Saturday, October 28, 2006

shell: parallel execution with timeouts

From time in time I was looking how to run a command with a timeout (in a shell script). I never put big efford to find the solution, because I always found a easyer (and probably better) workaround. But few days ago, in a discussion in the austing group (POSIX standardization), I found the solution, in an elegant manner, and it permit also to run commands in parallel.

The solution (it works on bash, dash, and it seems posix compatible, but you should test, because the discussion was about the different behaviours of $! in bash and kornshell):
 # run command1 in background, and the sleeping killer
command1 &
pid=$!
( sleep 60; kill $pid ) &
# other stuffs
command2
# wait command1
wait $pid

Note: kill (the shell buildin) prints some error messages, which you should filter
Note: Security: the methods is not very clean and secure. If an user can force system to recycle the PID, the scripts could do unintended things.

I this trick can be used to parallel the init script (parallelize within the script, not "run scripts in parallel", as the current trend).
So another short tip: Debian sleep support "floating sleep", so use sleep .1 istead of sleep 1, to speed up the init scripts (module loading, waiting for devices, net,...). Unfortunately most of the debian scripts use integer sleeps.

8 comments:

gatoatigrado said...

thanks a lot!
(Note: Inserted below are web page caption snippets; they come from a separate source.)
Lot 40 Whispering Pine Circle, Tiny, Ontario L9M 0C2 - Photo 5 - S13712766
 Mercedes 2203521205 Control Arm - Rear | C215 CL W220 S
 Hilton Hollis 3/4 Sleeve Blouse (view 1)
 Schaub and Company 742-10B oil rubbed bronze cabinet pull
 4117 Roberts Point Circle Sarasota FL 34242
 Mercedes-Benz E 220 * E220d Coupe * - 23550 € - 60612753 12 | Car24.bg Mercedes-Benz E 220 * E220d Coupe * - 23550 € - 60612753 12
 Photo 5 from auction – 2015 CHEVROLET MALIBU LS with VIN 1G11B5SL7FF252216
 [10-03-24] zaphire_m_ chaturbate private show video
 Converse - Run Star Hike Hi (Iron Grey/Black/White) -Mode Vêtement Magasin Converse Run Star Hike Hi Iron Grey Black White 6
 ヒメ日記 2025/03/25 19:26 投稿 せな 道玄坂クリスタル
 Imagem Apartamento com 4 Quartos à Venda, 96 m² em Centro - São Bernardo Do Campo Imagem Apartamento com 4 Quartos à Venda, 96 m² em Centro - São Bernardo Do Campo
Do you know of a way to make it quieter when creating the new process? i.e. get rid of e.g. [1] 5436

gatoatigrado said...

I found the answers to my questions: for quieter forking (only valid if calling within environment anyway) - surround command with parenthesis, e.g. ( command &). for quieter killing, use kill $pid 2>/dev/null to redirect stderr ("no process to kill") to /dev/null.

linux4all said...

This approach might be dangerous - pid may be already used by some other process when kill is issued.

Dave said...

Thanks! I used this tip as the base for a general "run command with timeout" function. Not sure if it'll work outside bash, but it seems to do the trick for me. There's still a PID-recycling race if the command exits right when the sleep finishes, but this should narrow the window quite a bit. And it's still a little noisy, but it doesn't really matter to me.

(copy and paste this to see it without the harsh wrapping)

function runWithTimeout ()
{
    if [ $# -lt 2 ]; then
        echo "usage: $0 <timeout ms> <commandline>"
        return 1
    fi
    timeout=$1
    shift

    # Start the command.
    "$@" &
    cmdPid=$!

    # Start the timeout process.
    ( sleep $timeout; echo "$1 timed out (pid $cmdPid)"; kill $cmdPid ) &
    sleepPid=$!

    # Don't leak the children if we're interrupted by ^C etc.
    trap "kill $cmdPid $sleepPid; exit 5" INT TERM EXIT

    # Block until the command exits or times out.
    wait $cmdPid
    cmdStatus=$?

    # Clear out the ^C trap.
    trap - INT TERM EXIT

    if [ $cmdStatus -le 128 ] ; then
        # The command exited on its own; kill the timeout process.
        # This will kill the background shell, not the sleep
        # process started by it, so the sleep itself may hang around
        # for a while. But, since the subshell will be gone when it
        # exits, nothing will try to kill $cmdPid.
        kill $sleepPid
    fi
    # The caller can check the return value against 128 to see
    # if the command timed out or simply failed.
    return $cmdStatus
}

Anonymous said...

Thanks, nice site. I've used the example given by Dave in a small demo program I wrote to figure out what was going on with my networking. Check it out.

http://www.angrylibertarian.com/node/7

Ole Tange said...

If you have GNU Parallel http://www.gnu.org/software/parallel/and timeout http://packages.debian.org/sid/timeout installed, you can do this:

cat commands | parallel timeout 60

I would find that more readable. Watch the intro video for GNU Parallel to learn more:
http://www.youtube.com/watch?v=OpaiGYxkSuQ

AndresVia said...

Check the parent of the process to kill.

#!/bin/bash

echo im doing some lengthy job
sleep 50 &
SPID=$!
PARENT=$$

echo current $PARENT

{ sleep 3 ; KILLPARENT=$(ps -o ppid -p $SPID | awk '{A=$1}END{print A}') ; [[ "$KILLPARENT" = "$PARENT" ]] && kill $SPID ; } &

echo im doing other stuff

wait "$SPID"

Anonymous said...

Actually, the pid race is a not an issue.
Because in unix if a child process ends it will become zombie (aka it's pid will be reserved and exit status will be recorded) until it's parent waits for it.
So let's keep it simple s.